B.1.6.3 SCCOPT_DOCUMENTMEMORYMODE

This option determines the maximum amount of memory that the chunker may use to store the document's data, from 4 MB to 1 GB. The more memory the chunker has available to it, the less often it needs to re-read data from the document.

Handle Types

NULL, VTHDOC

Scope

Global

Data Type

VTDWORD

Parameters

  • SCCDOCUMENTMEMORYMODE_SMALLEST 1 - 4MB

  • SCCDOCUMENTMEMORYMODE_SMALL 2 - 16MB

  • SCCDOCUMENTMEMORYMODE_MEDIUM 3 - 64MB

  • SCCDOCUMENTMEMORYMODE_LARGE 4 - 256MB

  • SCCDOCUMENTMEMORYMODE_LARGEST 5 - 1 GB

Default

SCCDOCUMENTMEMORYMODE_SMALL 2 - 16MB

B.1.6.4 SCCOPT_REDIRECTTEMPFILE

This option is set when the developer wants to use redirected IO to completely take over responsibility for the low level IO calls of the temp file.

Handle Types

NULL, VTHDOC

Scope

Global (not persistent)

Data Type

VTLPVOID: pCallbackFunc

Function pointer of the redirect IO callback.

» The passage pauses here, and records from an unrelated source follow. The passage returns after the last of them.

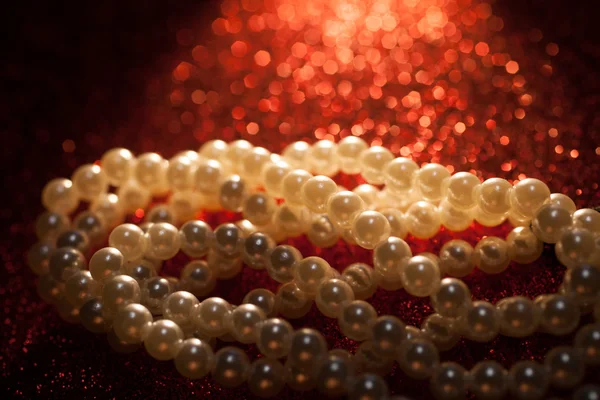 赤いキラキラ背景上の白い真珠のクローズ アップ. — ストック写真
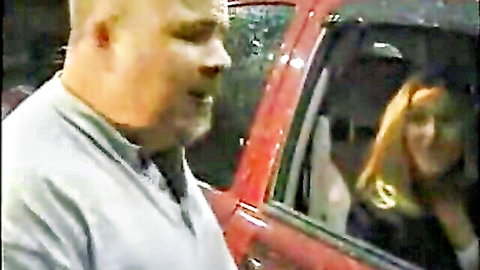 Husband leans in as wife watches in cuckold car scene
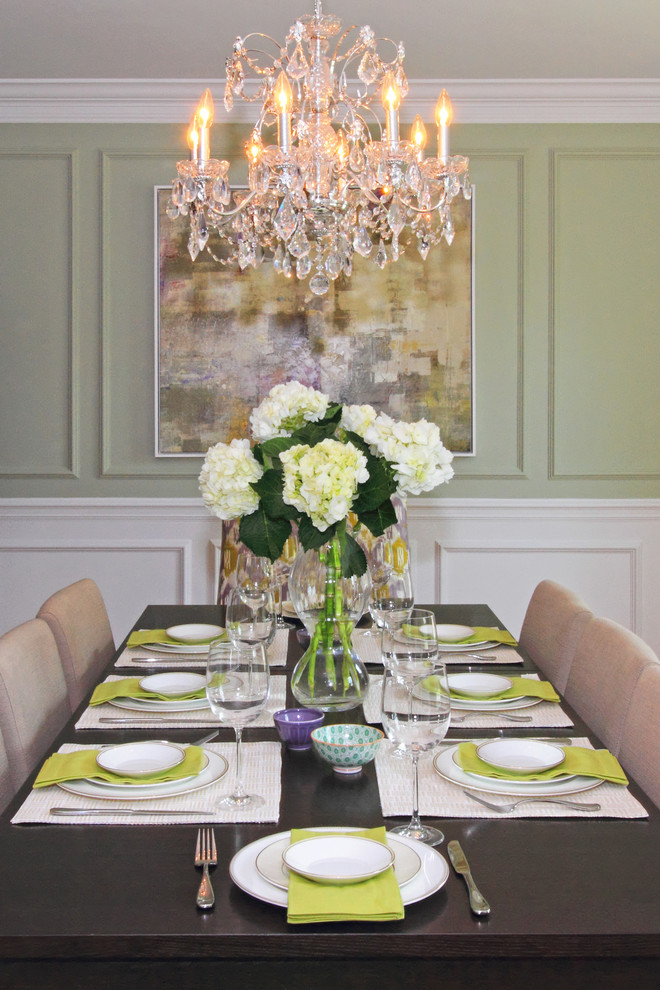 This is an example of a large traditional enclosed dining room in Boston with green walls and medium hardwood flooring.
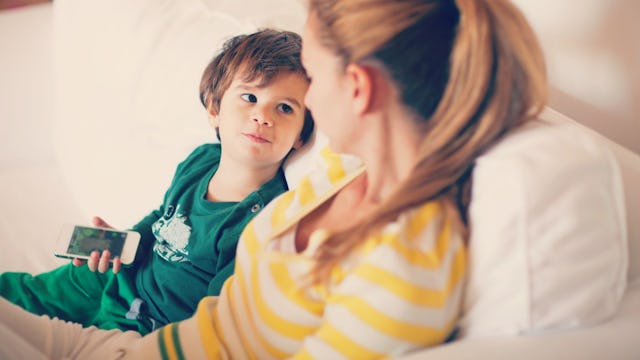 A boy in a green shirt holding a phone about to ask his mom something and they're sitting on a white...
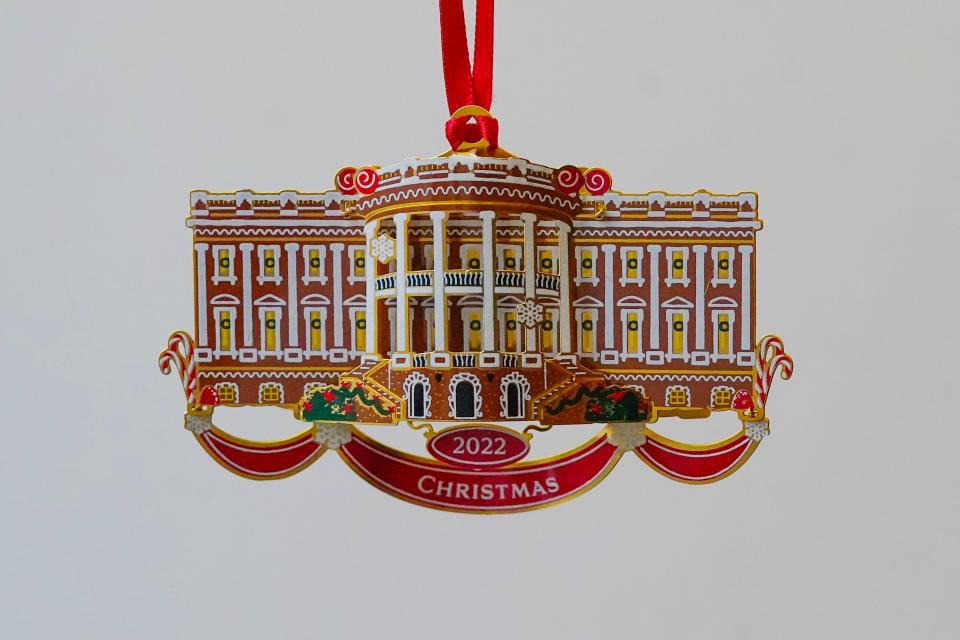 The two-sided ornament, designed by Kim Oliva, shows both the north and south fronts of the executive mansion.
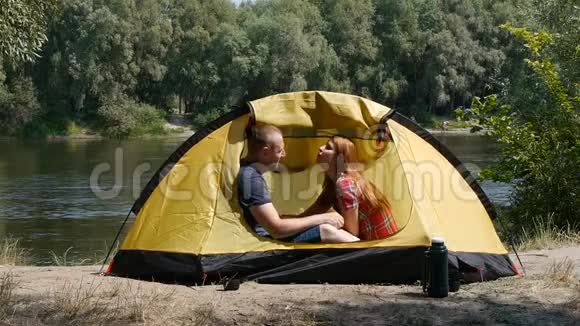在帐篷里的一对幸福的年轻夫妇女孩吻一个男人他们有一个浪漫的时刻森林和河流的背景视频的预览图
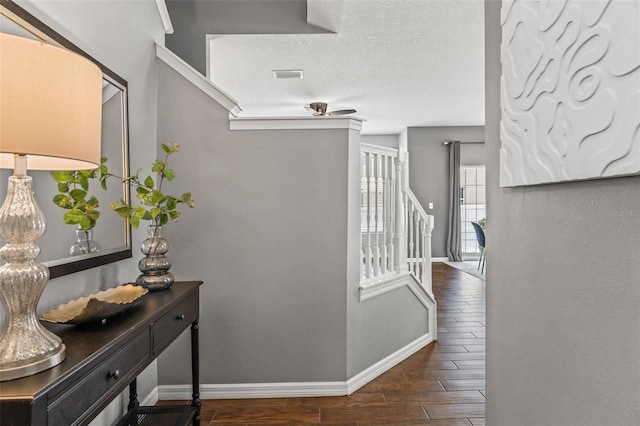 corridor with wood finish floors, visible vents, baseboards, and a textured ceiling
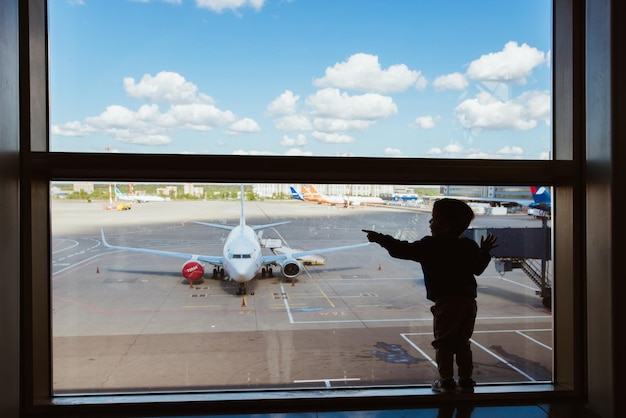 Moskou Rusland 07 14 22 Kleine jongen draagtas wachten op het instappen naar de vlucht in de transithal van de luchthaven en kijken door het raam naar het vertrek van het vliegtuig Actieve gezinslevensstijl reizen door de lucht met kind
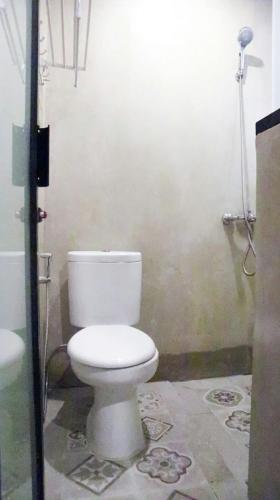 DJURAGANKAMAR GUNUNG ANYAR في سورابايا: حمام مع مرحاض أبيض ودش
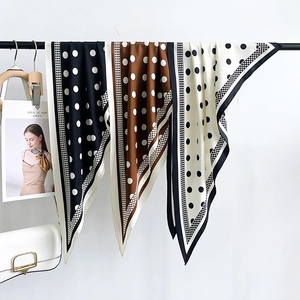 Summer retro polka dot silk scarf in black and white hanging as a versatile shawl
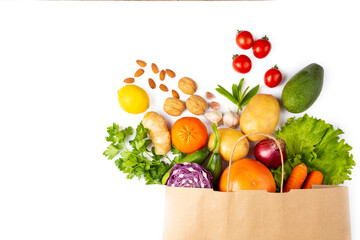 Healthy food background. Healthy vegetarian vegan food in paper bag vegetables and fruits on white,...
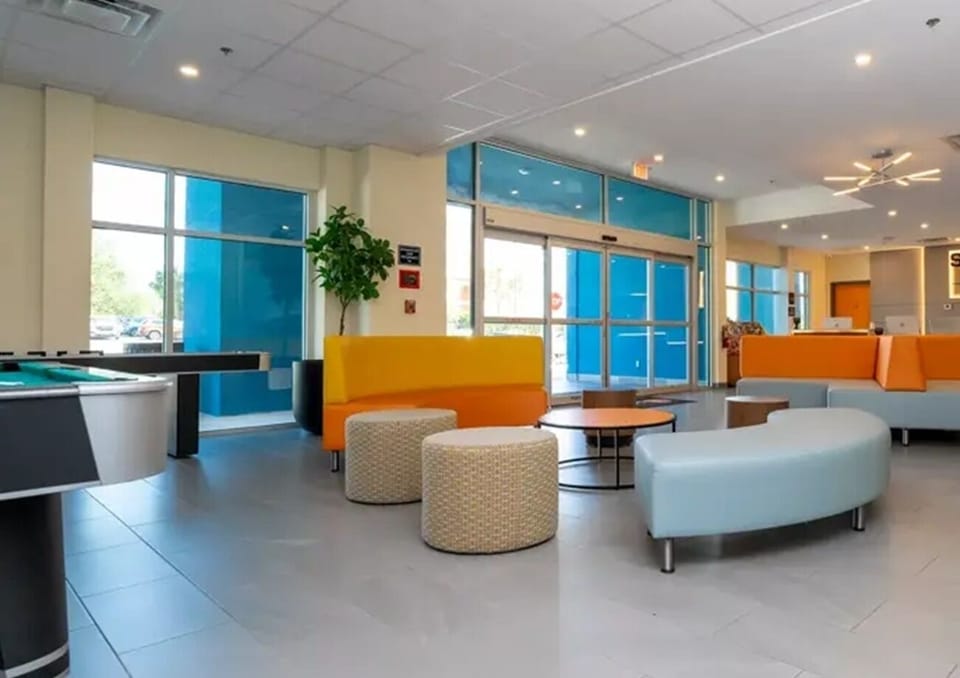 Arrive and unwind in a bright, modern lobby lounge.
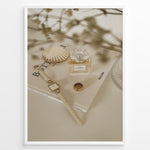 Ladda upp bild till gallerivisning, Fashion Plakat | Chanel No. 5 Perfume Flat Lay with Watch and Books – Neutral Aesthetic Print Plakaty.dk | Flat lay of Chanel No. 5 perfume bottle, gold watch, ring, and decorative shell on fashion books with soft floral blur in neutral tones.
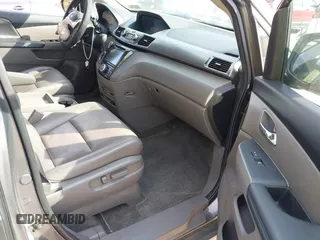 2014 Honda Odyssey Touring with VIN 5FNRL5H92EB073085, listed as a IAAI auction lot 42065913 with 120,834 mi miles and . Bid and sale history available at DreamBid. Image 5.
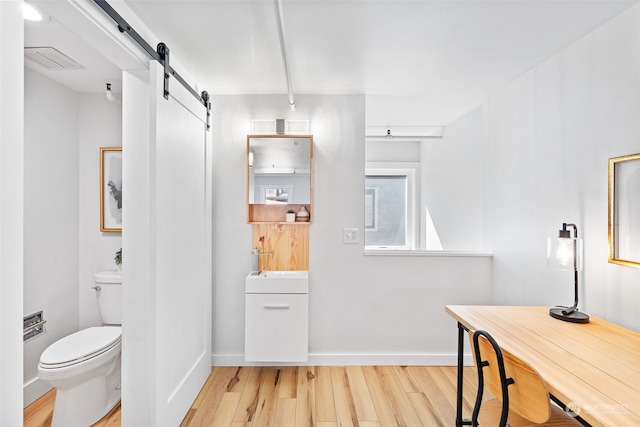 bathroom with hardwood / wood-style floors and toilet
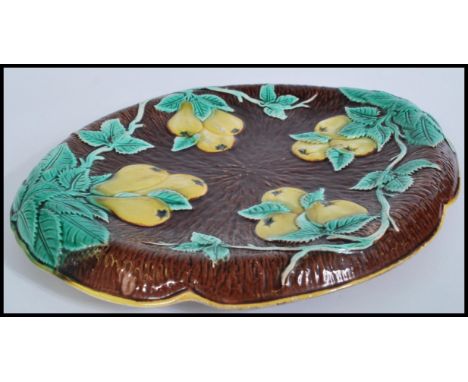 A 19th century Victorian Majolica ceramic bread board plate depicting pears and vine on brown log ground.&nbsp;Measures 32cm-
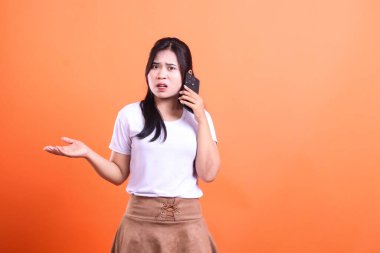 Bir insan elinde bir telefon tutuyor ve kafası karışmış, turuncu bir arkaplanda izole edilmiş bir yüz ifadesi var. Beyaz bir gömlek ve kahverengi bir etek giyiyorlar..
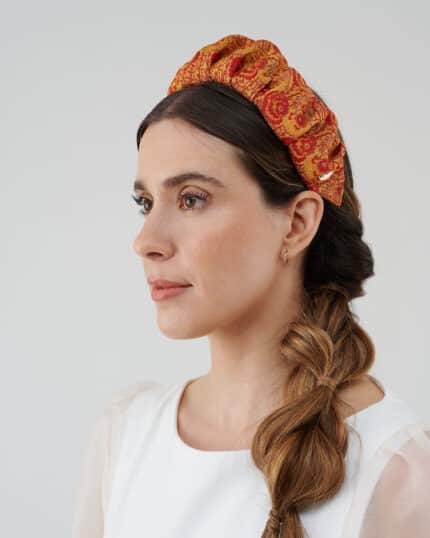 Side profile of a woman showcasing the Maria Fern Headband with an intricate red and yellow pattern, paired with a casual white blouse and a loose side braid.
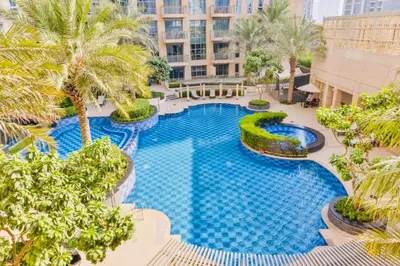 an overhead view of a swimming pool with palm trees at The Skyline Suite Luxury Downtown Retreat in Dubai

Redirect call back function:

typedef
{
     VTDWORD (* REDIRECTTEMPFILECALLBACKPROC)
     (HIOFILE *phFile, 
     VTVOID *pSpec, 
     VTDWORD dwFileFlags);

There is another option to handle the temp directory, SCCOPT_TEMPDIR. Only one of these two can be set by the developer. The SCCOPT_TEMPDIR option will be ignored if SCCOPT_REDIRECTTEMPFILE is set. These files may be safely deleted when the Close function is called.

B.2 Search Export SOAP Options

These options are available to the developer when using the export engine through the Transformation Server API.

This chapter details the Web Services implementation of options in Transformation Server. However, there are links to API-specific information for the C and JAVA client interfaces to the technology within each of the following sections.

B.2.1 How Options Work

An option is defined by an identifier and an associated value. The identifier (hOptions) indicates what particular option is being specified. The option value data must be in a form that conforms to the set of supported data types.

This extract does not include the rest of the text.